• What is needed
Could you set down the listing below exactly and omit its images?
-- Supplied data follows --
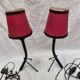 Brutalist bedside lamps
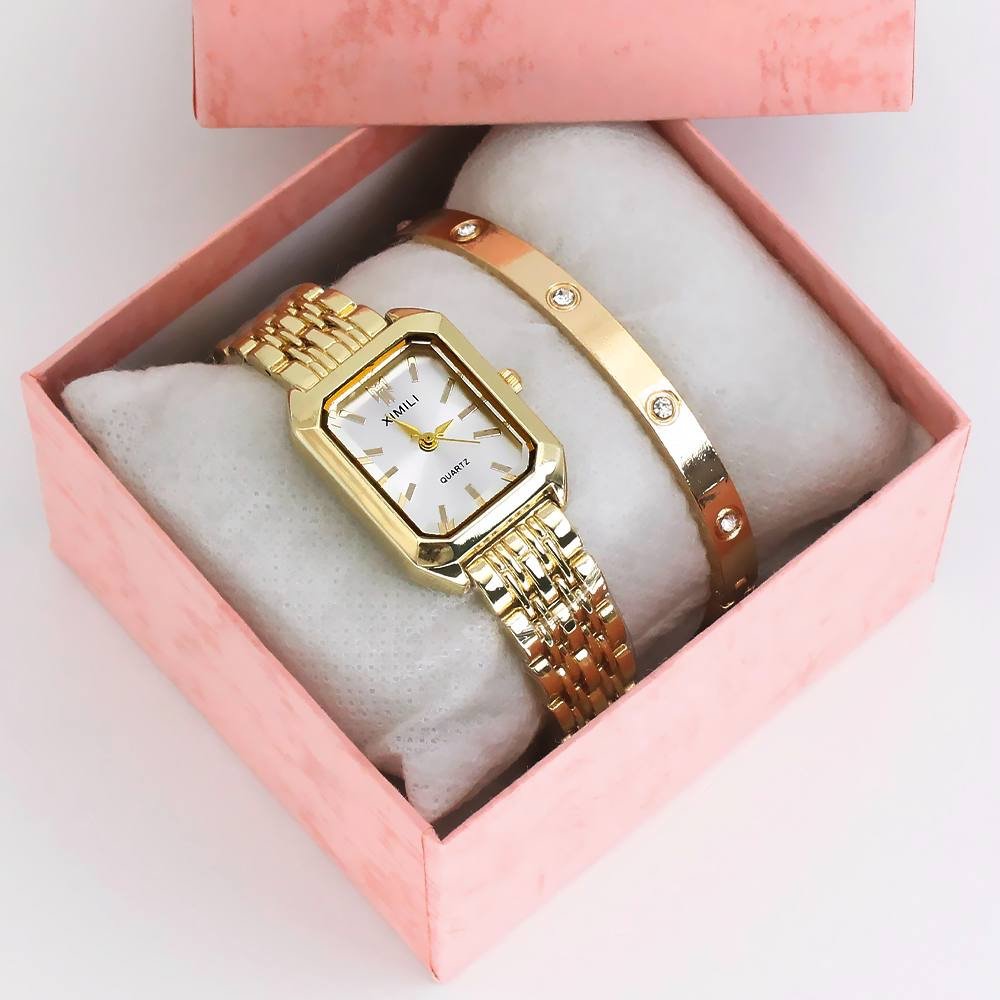 img_9623 TANIA LADIES WRISTWATCH WITH CHAIN BRACELET COMES IN A BOX••Quality guaranteed - Image 1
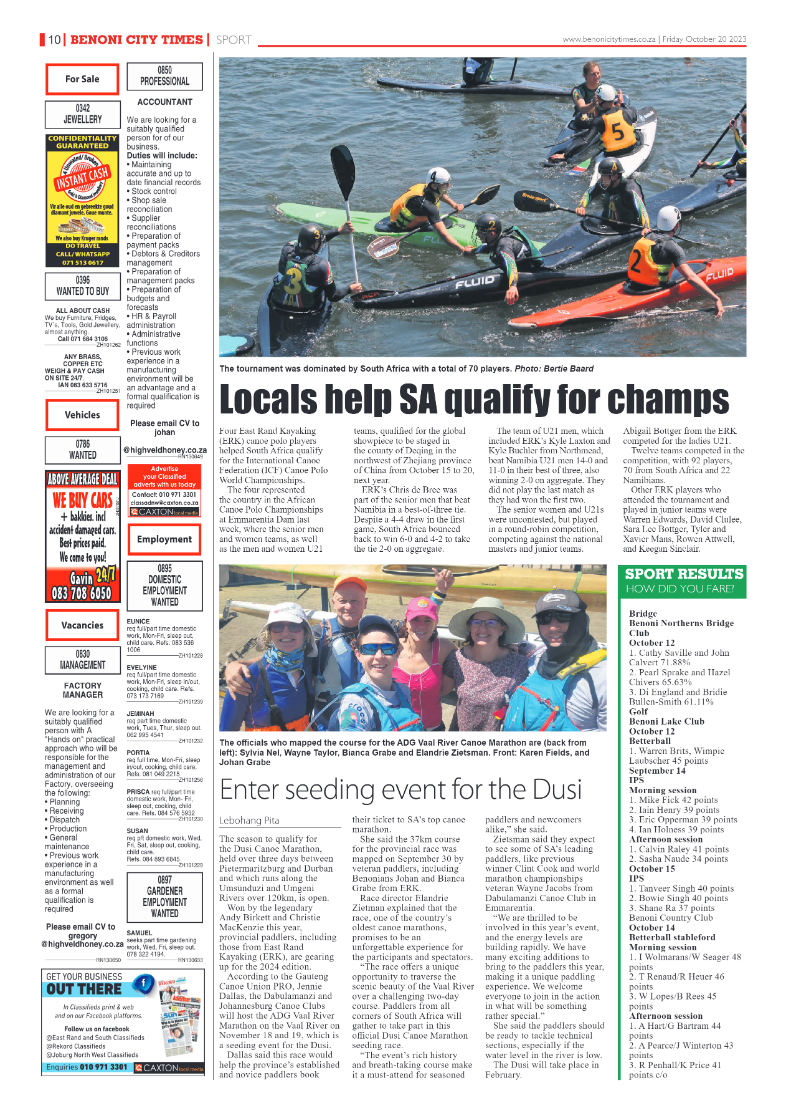Benoni City Times 20 October 2023 page 10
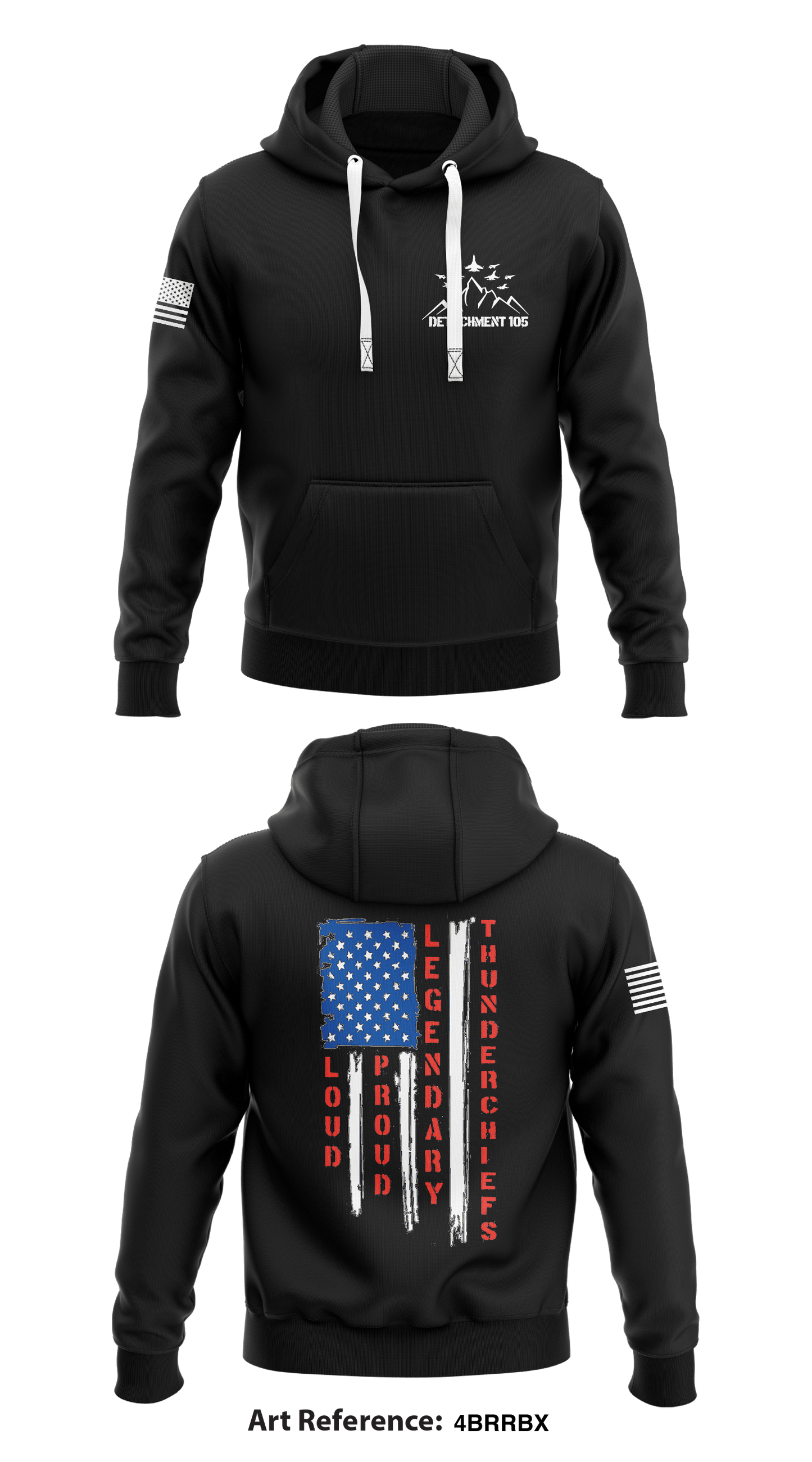 Detachment 15 Thunderchiefs Store 1 Core Men's Hooded Performance Sweatshirt - 4bRrBx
-- Supplied data concluded --
• Answer
 Brutalist bedside lamps
 img_9623 TANIA LADIES WRISTWATCH WITH CHAIN BRACELET COMES IN A BOX••Quality guaranteed - Image 1
Benoni City Times 20 October 2023 page 10
 Detachment 15 Thunderchiefs Store 1 Core Men's Hooded Performance Sweatshirt - 4bRrBx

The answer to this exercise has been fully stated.